From the definition:

The probability measure $P:\mathcal{F}\to[0,1]$ is a function on $\mathcal{F}$ such that:​

* $P$ is countably additive (also called σ-additive): if $\{A_i\}_{i=1}^\infty\subseteq\mathcal{F}$ is a countable collection of pairwise disjoint sets, then $\textstyle P(\bigcup_{i=1}^\infty A_i)=\sum_{i=1}^\infty P(A_i),$​

* The measure of entire sample space is equal to one: $P(\Omega)=1$.​

It should suffice that the sum of the probabilities of all outcomes (that are disjoint), sums up to 1 as it does.

Ah can we start from $0$ although the $p_X(x)$ is defined for $x\in \{1, \ldots , 15\}$ ?
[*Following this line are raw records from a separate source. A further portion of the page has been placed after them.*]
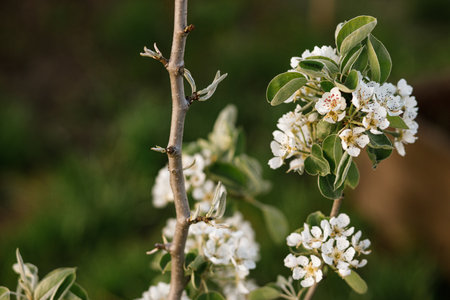 Blooming pear tree branch close up in spring garden. Homestead lifestyle. Pear white flowers in urban organic gardenの写真素材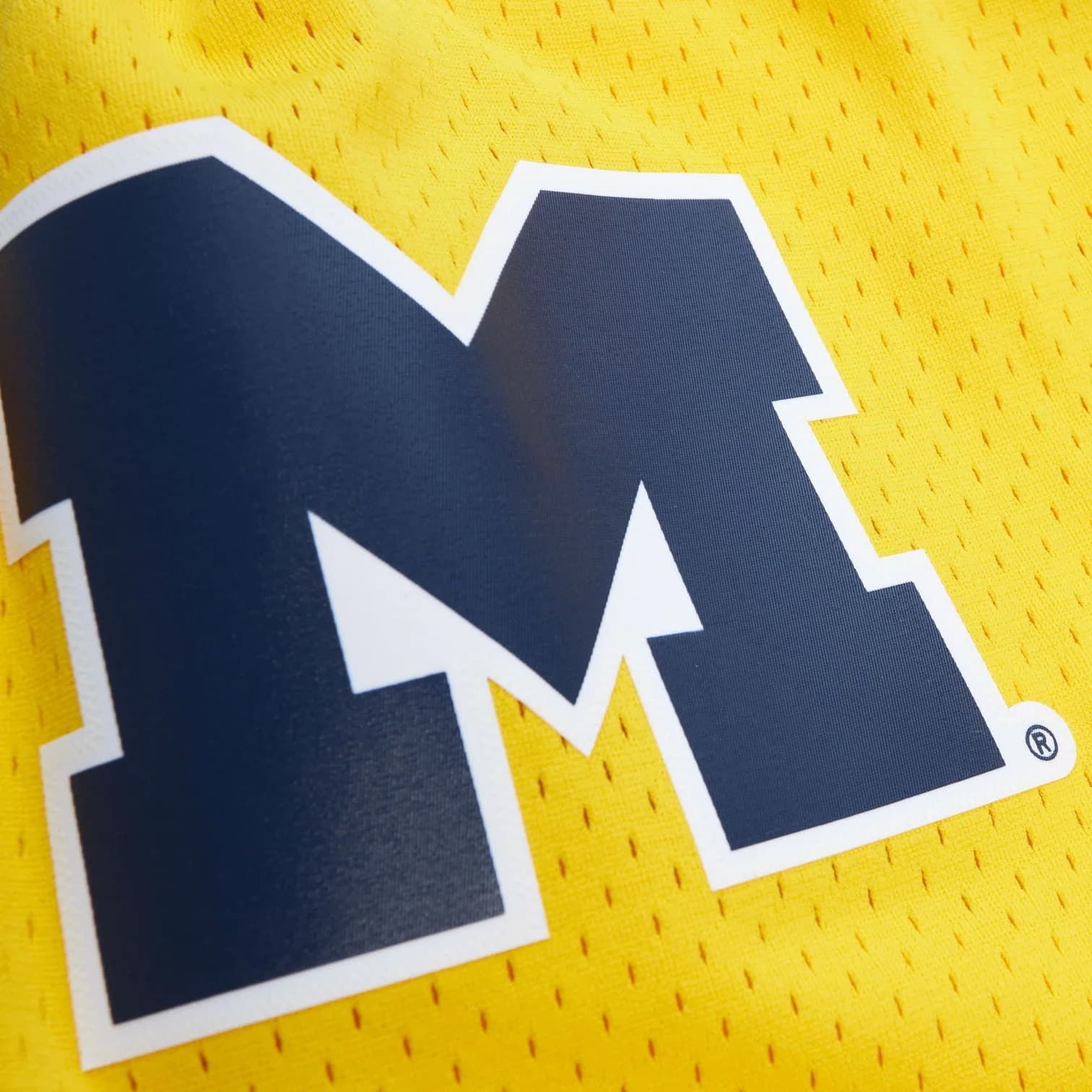 Спортивные шорты Mitchell & Ness Michigan University 1991 HWC Throwback Swingman NCAA Shorts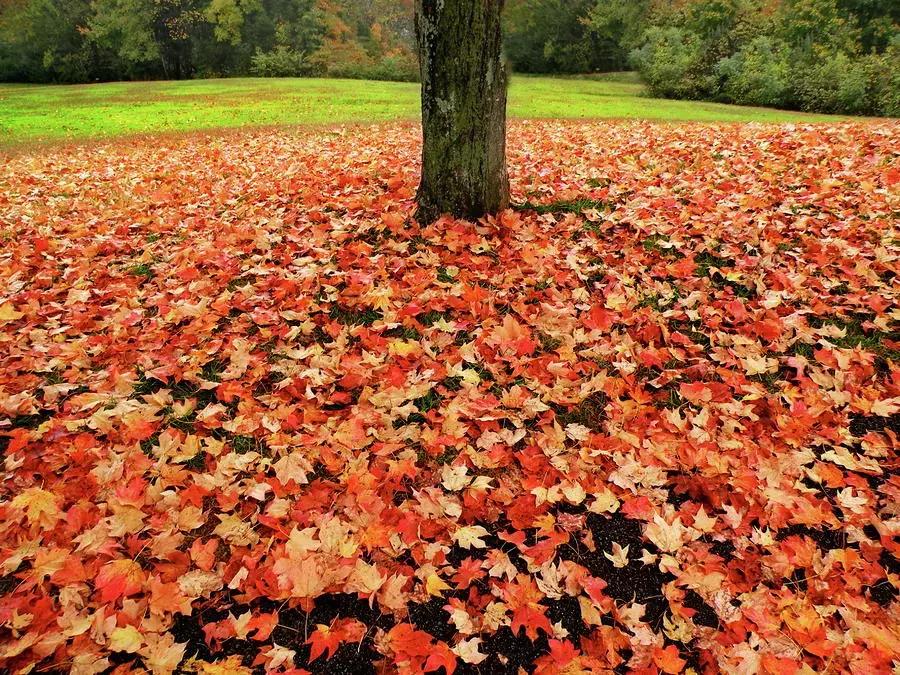为什么富人都宜居在温哥华,为什么温哥华纬度高却不冷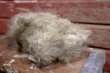 画像5: ct-190501-05 Mookiee the Ewok / Kenner 1980's Stuffed Figure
Hmm... actually we can't. (Shake)
That definition implies that we sell at least 1 book.
You verified that the sum of all probabilities starting from 1 book sold, does sum up to 1.
In other words, it is indeed not possible to sell 0 books - or rather, the probability on it is 0, which is kind of surprising.
It also means that for (c) we should start from 1.